:: Activity ::
Starting with the line that holds "X0000097290577200803141512", repeat each line through the last one below, exactly. Pictures stay out.
---------- Data to process ----------
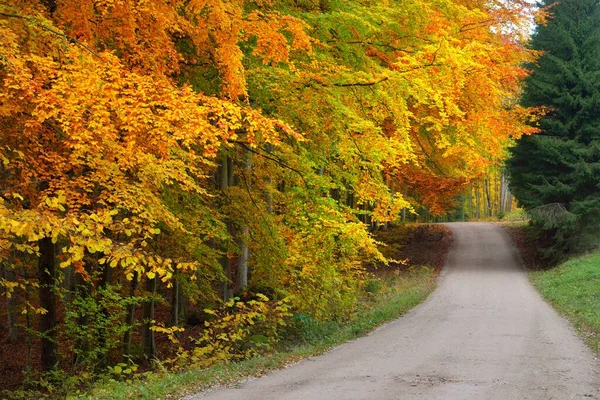Kręta Wiejska Droga Przez Las Bukowy Potężne Pnie Żółte Czerwone — Zdjęcie stockowe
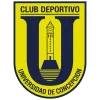 Universidad de Concepcion
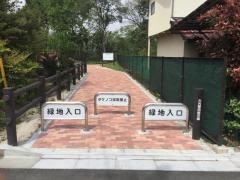 大古里自然緑地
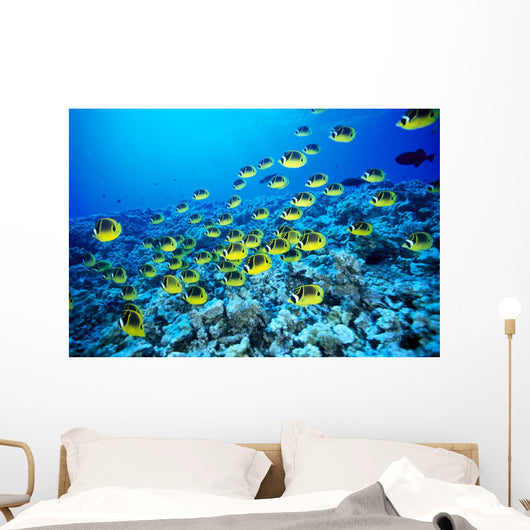 Hawaii, Schooling Raccoon Butterflyfish In Bright Blue Ocean C1960 Wall Mural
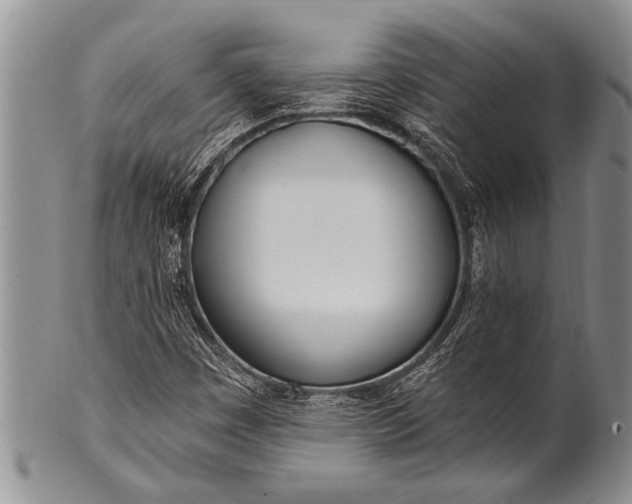 X0000100411449200806201748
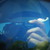 blackhat1234 :iconblackhat1234:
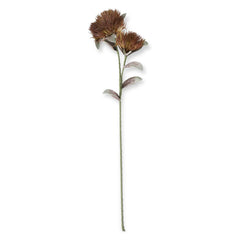 39" Green & Burgundy Eva Double Spike Bloom Stem
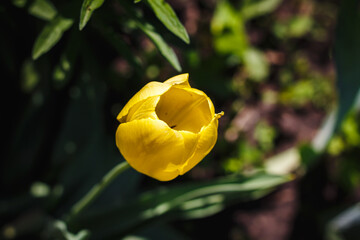 Yellow tulip in a flowerbed of Kharkiv yard in autumn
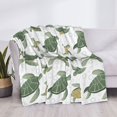 thumbnail image 3 of Fotbe Cute Turtle Manta de Franela con Estampado, Manta Ultrasuave para Cama, Sofá, Auto, Hipoalergénica y Antibolitas-40"x30", 3 of 6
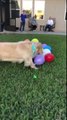 Paradis pour chien : exploser des ballons toute la journée !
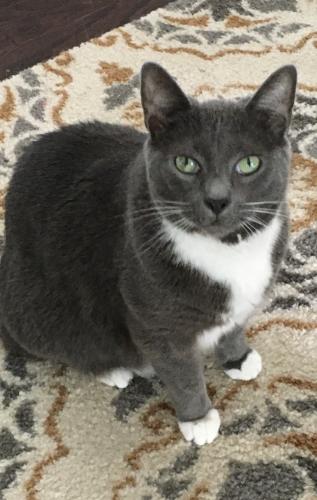 Lost Male Cat last seen Strawberry Fields Ln and Maggie May Way, Charlotte, NC 28278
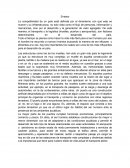 Ensayo Infraestructura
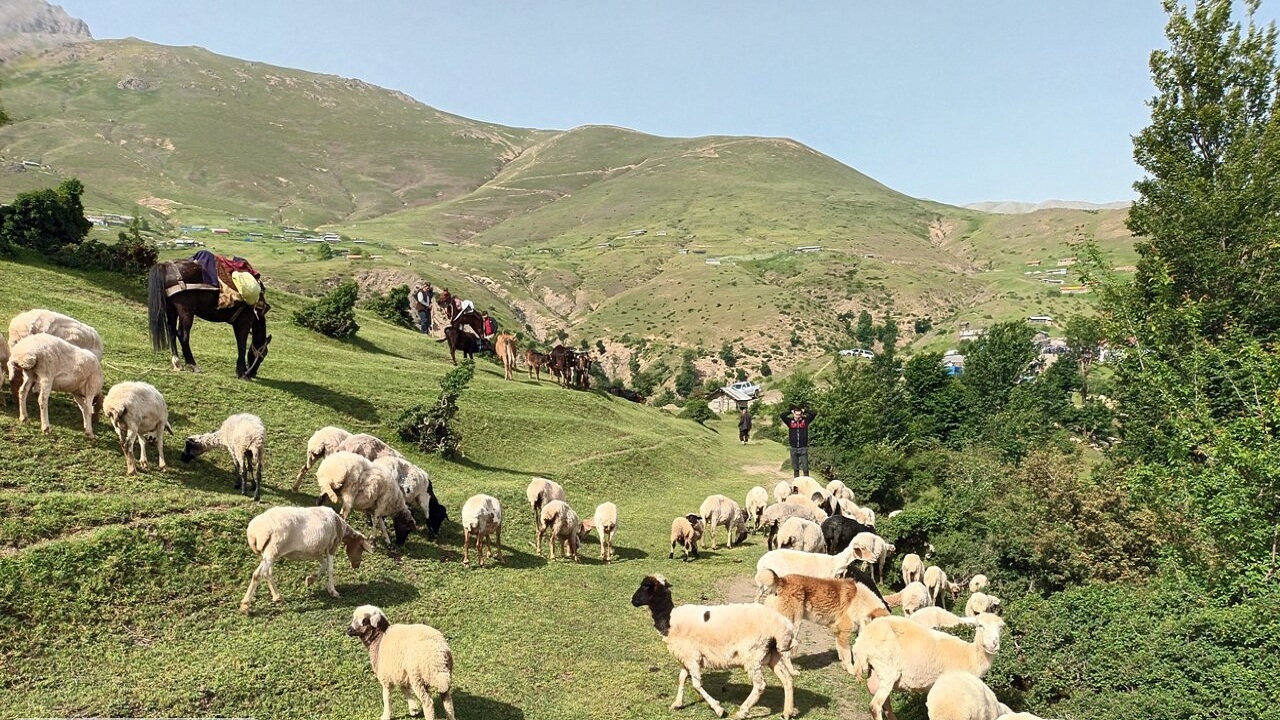 ۱۳۰۰ مورد تسهیلات به دامداران استان سمنان پرداخت شد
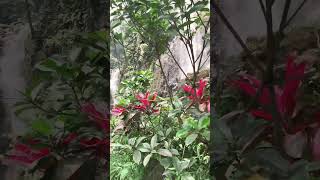 Download lagu Jalan-Jalan di Curug Cigamea Bogor #coldplay #remix #love mp3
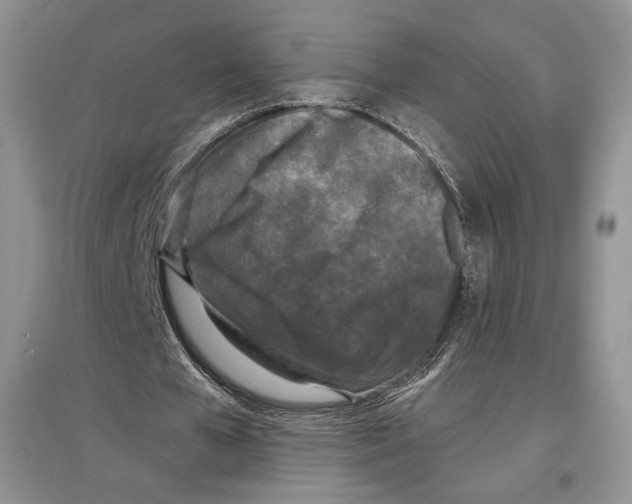 X0000097290577200803141512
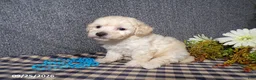 Bichpoo dogs for sale: Timmy - Ad 6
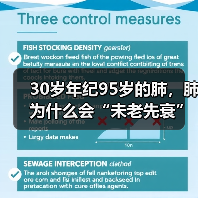 30岁年纪95岁的肺,肺为什么会“未老先衰”? 来源:互联网 2025-08-26(图3) 30岁年纪95岁的肺,肺为什么会“未老先衰”? 来源:互联网 2025-08-26(图3)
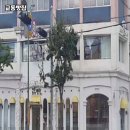 교동빵집 - 동해시 효자남길 26-1 | 교동빵집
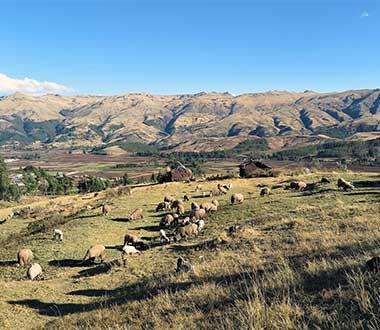 The Sacred Valley nature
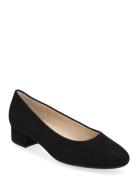 Pumps Gabor Black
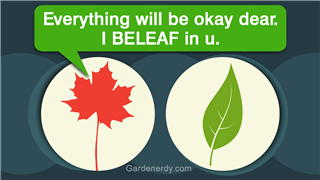 A conversation between an ordinary leaf and a maple leaf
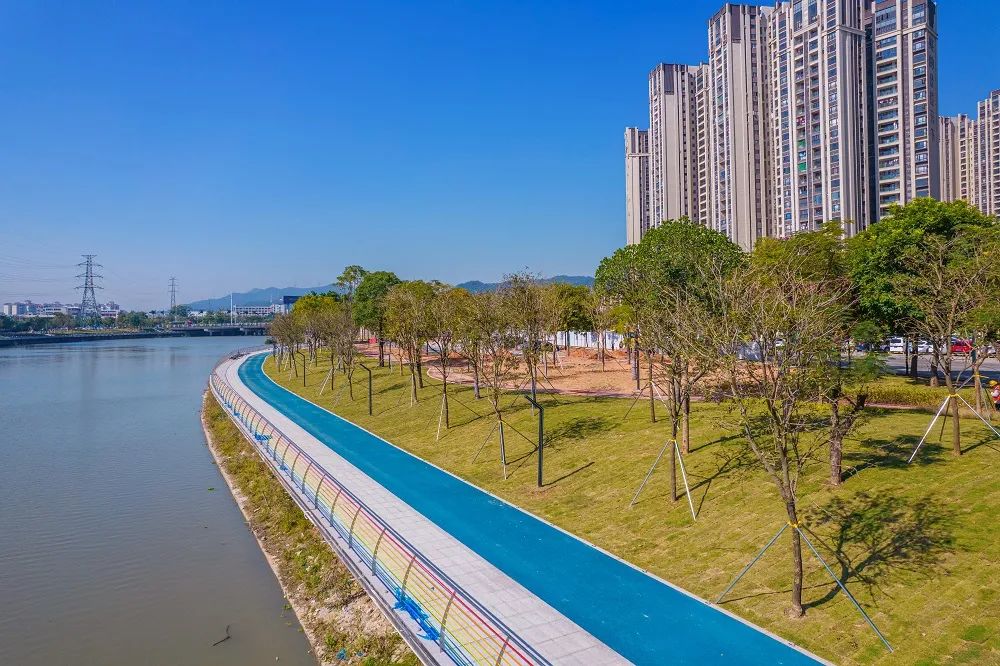 全国第六!有一种靓丽,叫“江门蓝”!-图片6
----------
:: Output ::
 X0000097290577200803141512
 Bichpoo dogs for sale: Timmy - Ad 6
 30岁年纪95岁的肺,肺为什么会“未老先衰”? 来源:互联网 2025-08-26(图3) 30岁年纪95岁的肺,肺为什么会“未老先衰”? 来源:互联网 2025-08-26(图3)
 교동빵집 - 동해시 효자남길 26-1 | 교동빵집
 The Sacred Valley nature
 Pumps Gabor Black
 A conversation between an ordinary leaf and a maple leaf
 全国第六!有一种靓丽,叫“江门蓝”!-图片6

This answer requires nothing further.